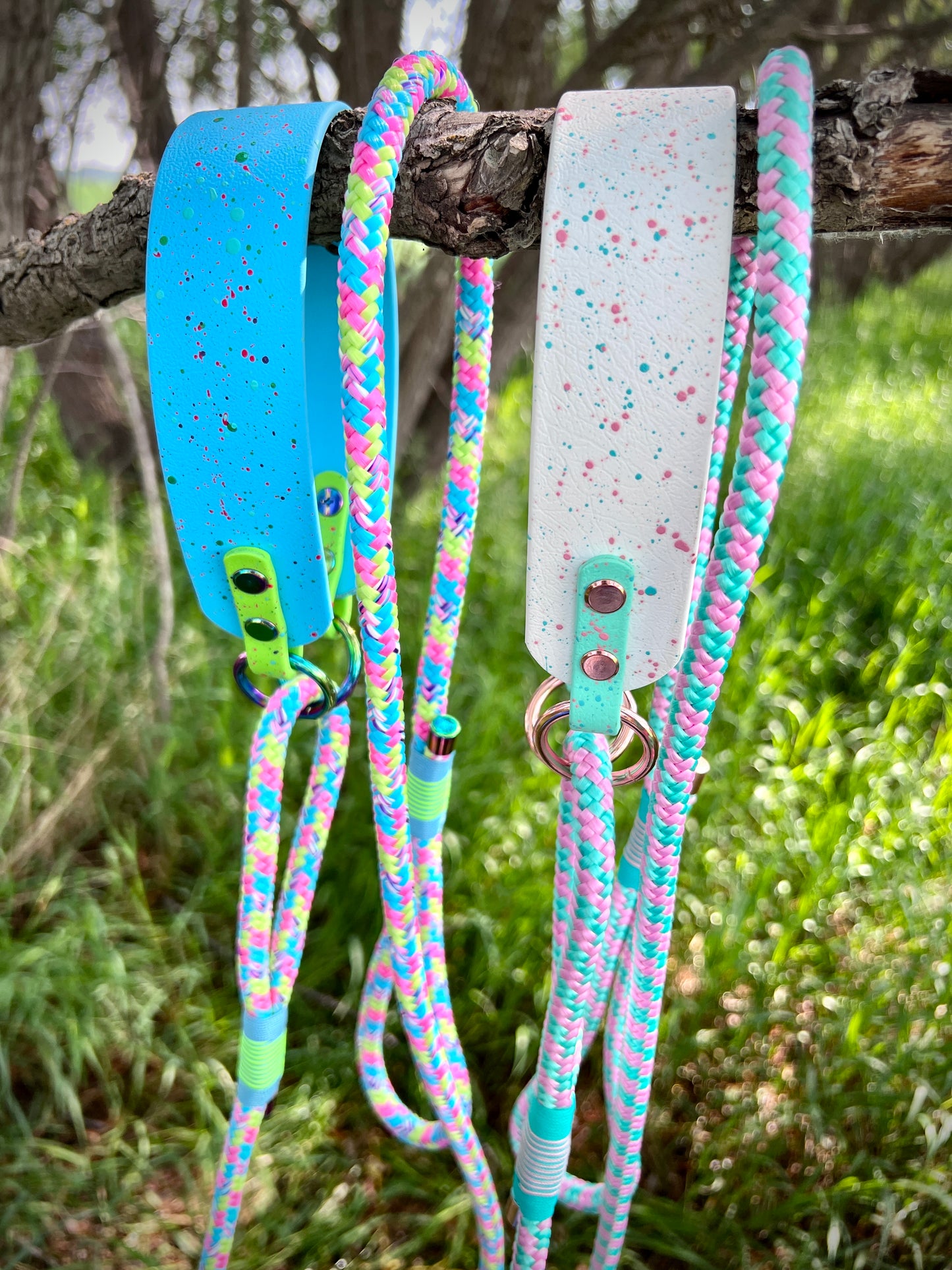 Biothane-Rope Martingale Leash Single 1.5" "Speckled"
──────────────────────────────
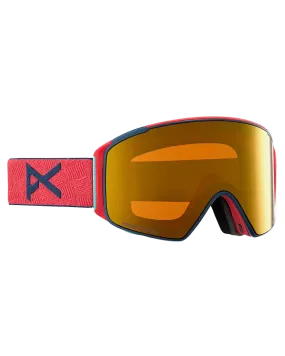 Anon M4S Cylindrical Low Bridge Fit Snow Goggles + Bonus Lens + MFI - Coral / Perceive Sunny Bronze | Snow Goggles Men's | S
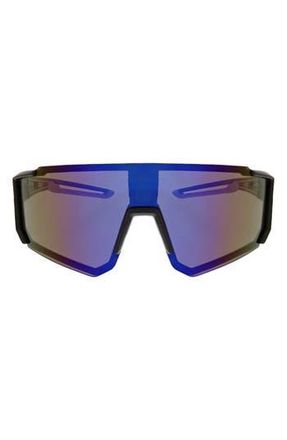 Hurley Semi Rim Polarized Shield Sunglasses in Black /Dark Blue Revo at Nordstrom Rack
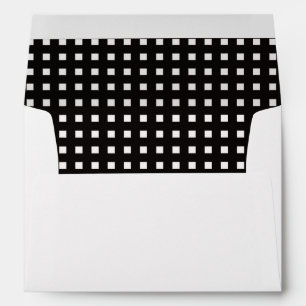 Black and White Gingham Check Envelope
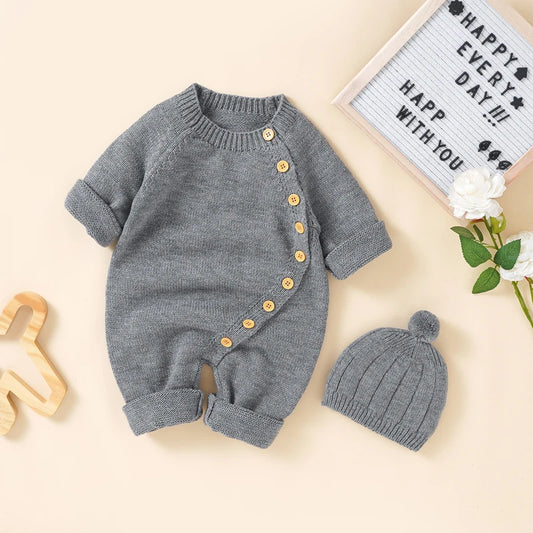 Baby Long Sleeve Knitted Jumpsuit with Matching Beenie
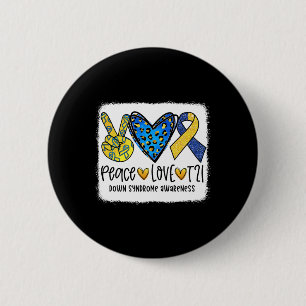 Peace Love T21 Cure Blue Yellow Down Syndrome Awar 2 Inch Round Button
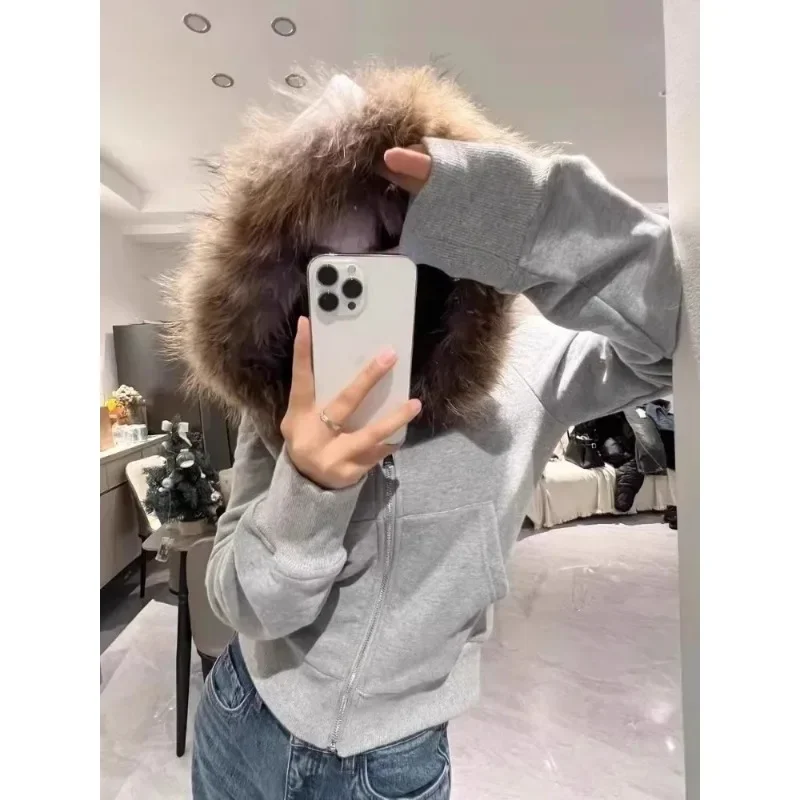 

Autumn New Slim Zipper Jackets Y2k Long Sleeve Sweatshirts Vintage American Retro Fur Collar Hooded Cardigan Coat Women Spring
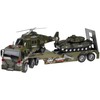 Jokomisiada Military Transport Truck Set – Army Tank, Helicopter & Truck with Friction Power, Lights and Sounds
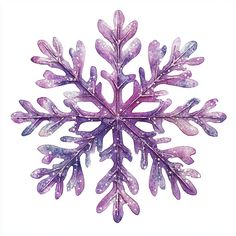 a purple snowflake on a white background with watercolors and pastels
──────────────────────────────
== YOUR ASSIGNMENT ==
Exact copy, pictures excluded: every line above from the one containing "Black and White Gingham Check Envelope" to the one containing "a purple snowflake", inclusive, and nothing more.

== TASK OUTPUT ==
 Black and White Gingham Check Envelope
 Baby Long Sleeve Knitted Jumpsuit with Matching Beenie
 Peace Love T21 Cure Blue Yellow Down Syndrome Awar 2 Inch Round Button

Autumn New Slim Zipper Jackets Y2k Long Sleeve Sweatshirts Vintage American Retro Fur Collar Hooded Cardigan Coat Women Spring
 Jokomisiada Military Transport Truck Set – Army Tank, Helicopter & Truck with Friction Power, Lights and Sounds
 a purple snowflake on a white background with watercolors and pastels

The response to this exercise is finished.